Gli All Blacks e la Sudafrica razzista pietre dello scandalo… Sicurezza eccessiva… Le donne delle Olimpiadi… L’Unione Sovietica nella femminile… Gli Usa di nuovo campioni, Italia quinta…
Sarebbero bastati quattro cerchi a simboleggiare le Olimpiadi di Montréal. Chissà che effetto avrebbe fatto un’immagine così mutilata, se davvero fosse stata utilizzata come sfondo di quei Giochi? Il cerchio di cui si poteva fare a meno apparteneva al continente africano, che disertò quasi in massa. Era nata l’era del boicottaggio, di quello vero, pesante.

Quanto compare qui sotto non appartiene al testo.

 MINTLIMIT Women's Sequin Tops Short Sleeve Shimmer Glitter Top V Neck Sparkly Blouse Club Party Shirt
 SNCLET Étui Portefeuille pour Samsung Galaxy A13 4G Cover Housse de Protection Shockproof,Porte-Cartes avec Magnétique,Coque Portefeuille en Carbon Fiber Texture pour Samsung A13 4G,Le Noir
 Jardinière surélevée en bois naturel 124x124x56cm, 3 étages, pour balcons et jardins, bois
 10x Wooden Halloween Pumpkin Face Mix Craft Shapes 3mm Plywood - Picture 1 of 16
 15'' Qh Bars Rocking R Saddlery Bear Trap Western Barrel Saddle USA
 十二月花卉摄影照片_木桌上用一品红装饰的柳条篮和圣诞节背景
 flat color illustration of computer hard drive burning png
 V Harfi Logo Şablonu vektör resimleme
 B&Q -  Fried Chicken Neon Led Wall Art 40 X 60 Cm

Trentaquattro nazioni partecipanti in meno, un impoverimento di bandiere, discipline private di sicuri protagonisti; e le edizioni successive avrebbero riservato di peggio. Tanta tristezza per gli amanti dello sport, che si sentì offeso – come e più di prima – nei suoi principi di universalità e di amicizia. Non si fece piegare dalla politica, ma con le sue contraddizioni e le sue inquietudini doveva ormai abituarsi a convivere.

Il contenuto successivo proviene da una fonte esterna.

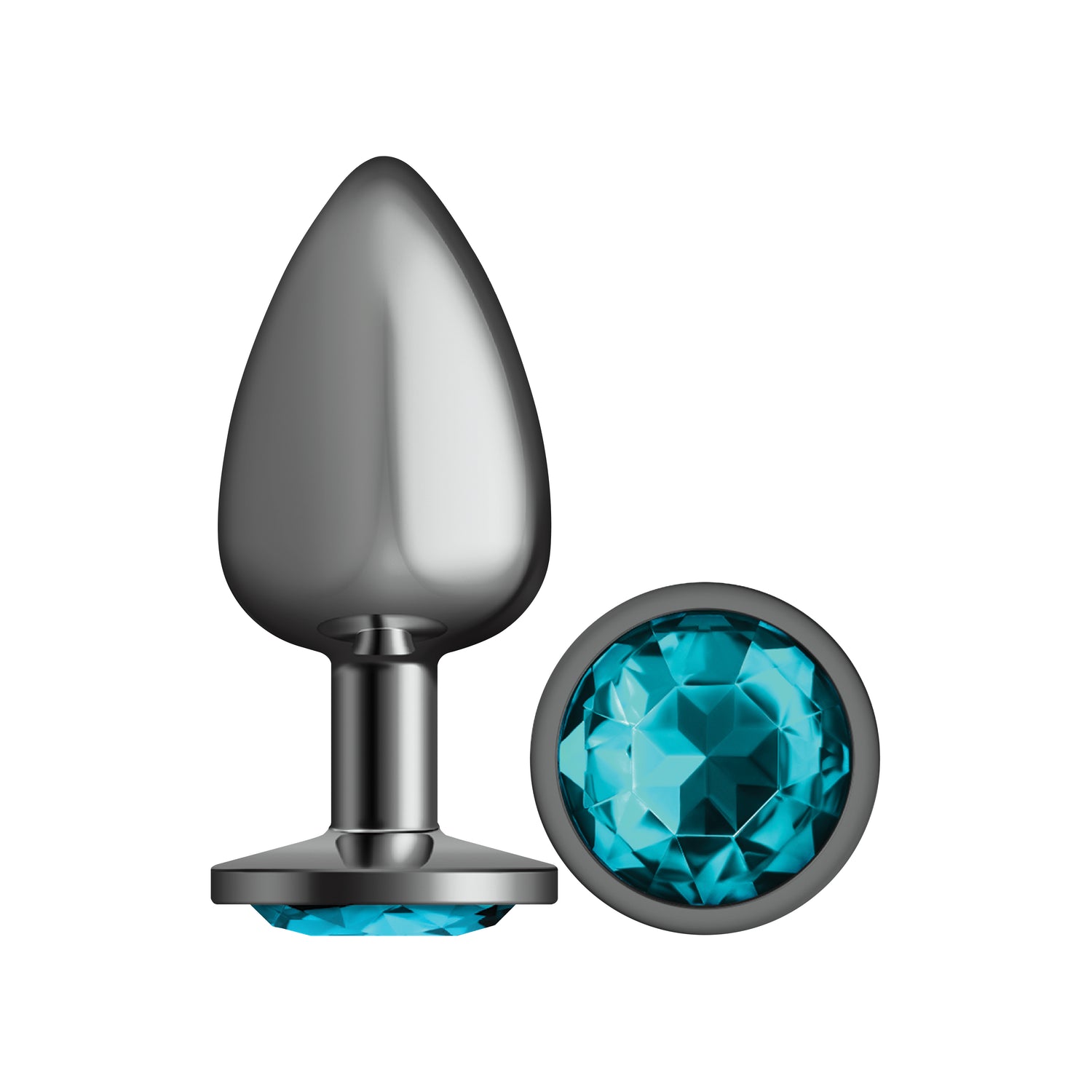 Teal Round Gem Gunmetal Metal Plug -  Large - Tester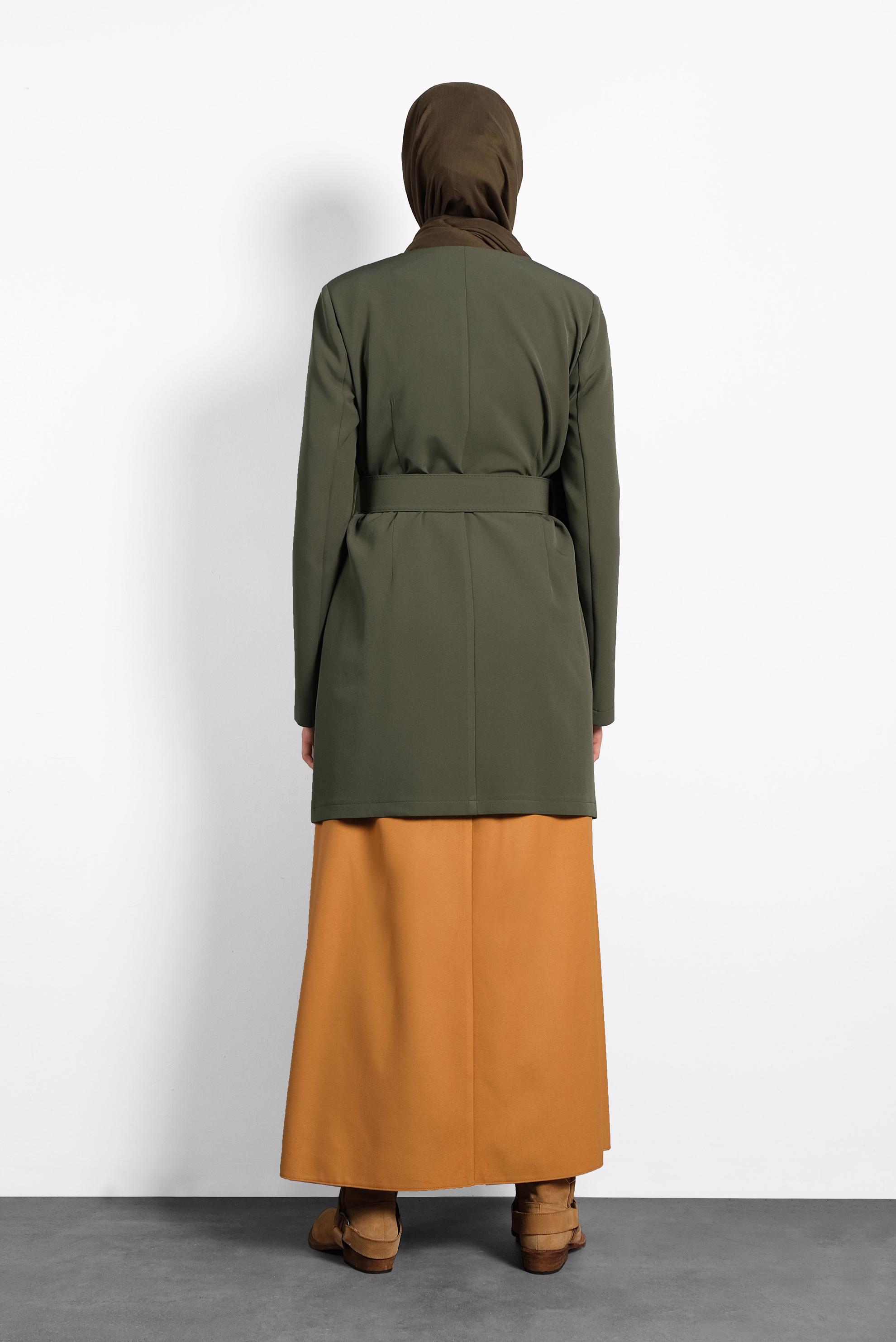 Tesettür giyim HAKİ KEMERLİ KLASİK CEKET 40248 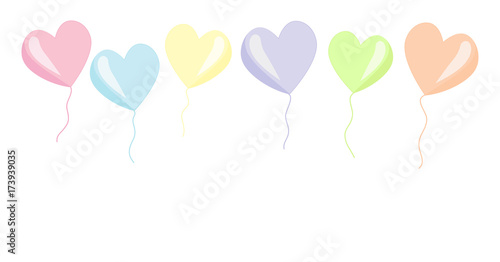 Colorful flying heart air balloons. Greeting card background.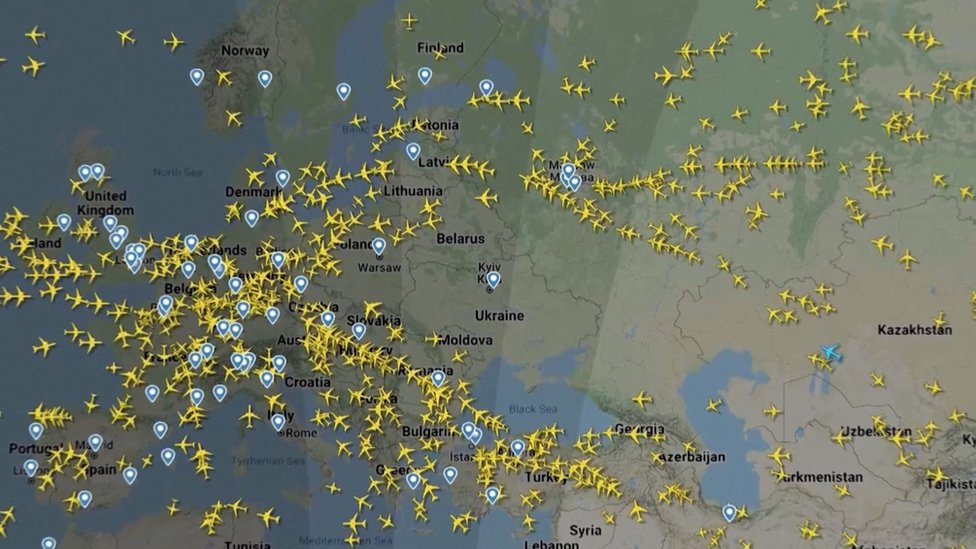 A screen recording of flight tracking website FlightRadar24 shows aircraft diverting around Ukraine, February 24, 2022 in this still image taken from video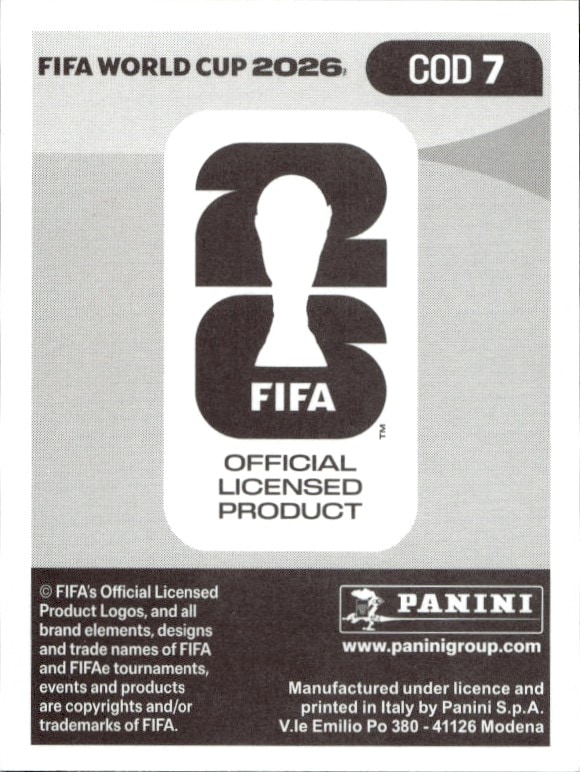 2026 Panini Fifa World Cup Joris Kayembe #COD 7 soccer trading card back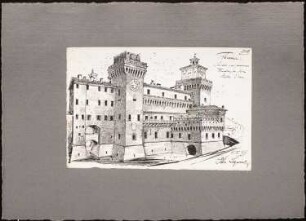 Reiseskizzen aus Italien: Ferrara: Castello Estense (Perspektivische Ansicht)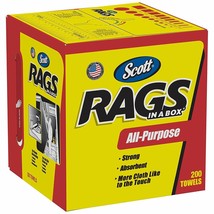 Kimberly-Clark Scott 75260 Rags in a Box, White (200 Towels) - £50.68 GBP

A trovare un pretesto non ci voleva poi tanto. La contestazione stavolta era nata perché alla Nuova Zelanda (rea di avere inviato la sua formazione di rugby degli All Blacks nella Sudafrica razzista) non era stato revocato l’invito. Alcune squadre del Continente Nero avevano già rinunciato per tempo, ma la maggior parte era già in Canada quando venne deciso il ritiro: c’era chi aveva sfilato nella cerimonia di inaugurazione, chi addirittura aveva partecipato a qualche gara. Nessuno si fece scrupoli, neanche delle proprie incertezze. Fuori da ogni regola, e da ogni codice di comportamento, si poteva decidere in qualsiasi momento di far preparare in fretta le valigie per tornare a casa. Atleti come burattini manovrati dall’alto, non più attori di uno spettacolo.

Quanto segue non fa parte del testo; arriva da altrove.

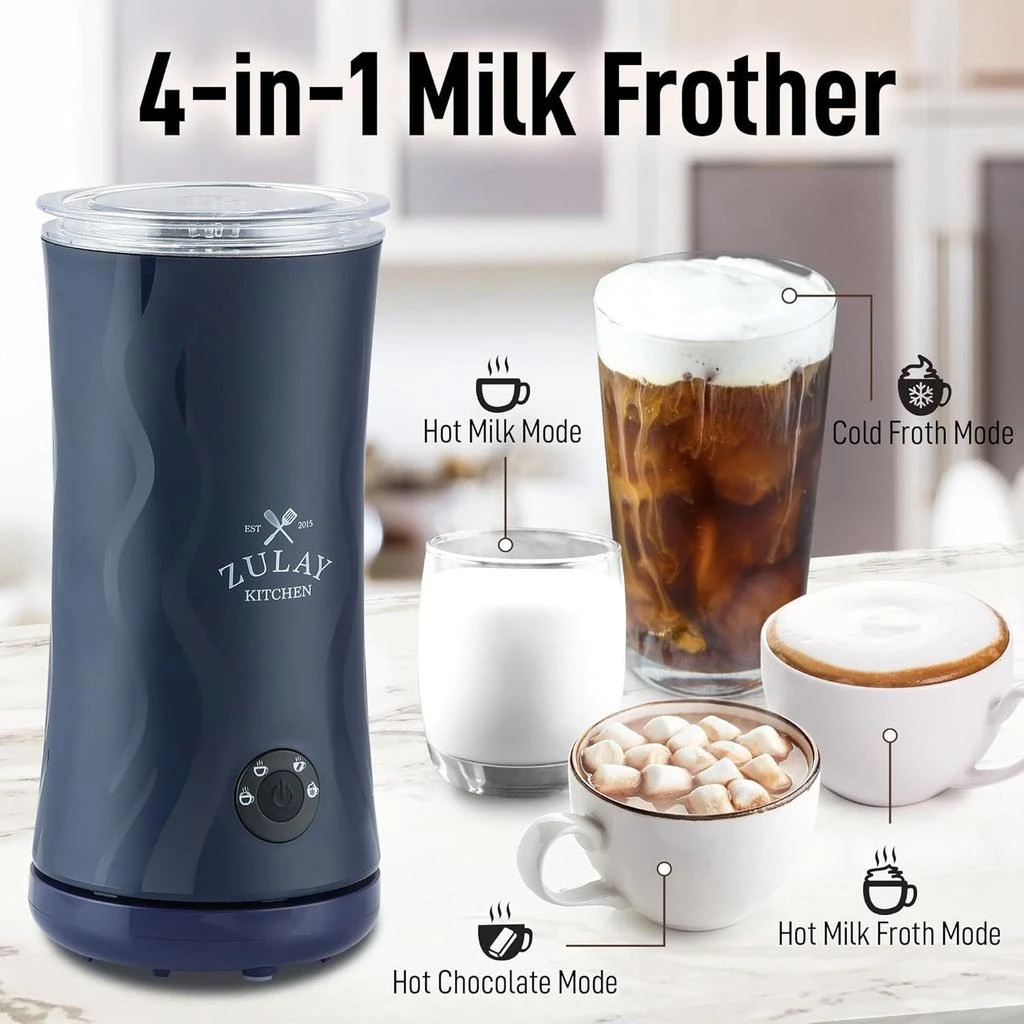 商品Zulay Kitchen|Powerful 4-in-1 Electric Milk Frother and Steamer,价格¥470,第4张图片详细描述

Gli organizzatori non si aspettavano una umiliazione del genere. Si erano preoccupati, piuttosto, di evitare fatti dolorosi come l’attentato mortale di Monaco, affidandosi alla vigilanza di sedicimila militari e a uno schieramento altrettanto imponente di dispositivi elettronici e magnetici. Perquisizioni continue, quasi asfissianti; gli atleti dovevano avere l’autorizzazione anche per fare due passi a piedi, i giornalisti venivano ricevuti solo su appuntamento. Sul piano della sicurezza non ci furono problemi, ma l’utilizzo di uomini e mezzi si era rivelato eccessivo, così come smisurata fu la spesa per la costruzione degli impianti, alcuni dei quali rimasti incompleti. Ci vollero trenta lunghi anni di tasse sui cittadini di Montréal per colmare il deficit.
Eppure, fu una edizione olimpica memorabile per imprese sportive e personaggi. Come sempre, d’altronde. A livello di squadra, l’exploit venne fatto registrare dalla Germania Est, che col suo ormai collaudato «professionismo di stato» (i più sospettosi preferivano usare il termine «doping di stato»), riuscì addirittura a raddoppiare il numero delle medaglie d’oro conquistate a Monaco (passò da 20 a 40), compiendo l’impresa di superare gli Stati Uniti, che di ori ne presero 6 in meno. Il piccolo stato di 17 milioni di abitanti che competeva con i colossi da 200 milioni e passa: come gli USA, o la stessa Unione Sovietica, che ancora una volta guadagnava il primato assoluto, sia come conteggio degli ori (49, non tanti in più della DDR), che in quello comprendente anche gli argenti e i bronzi.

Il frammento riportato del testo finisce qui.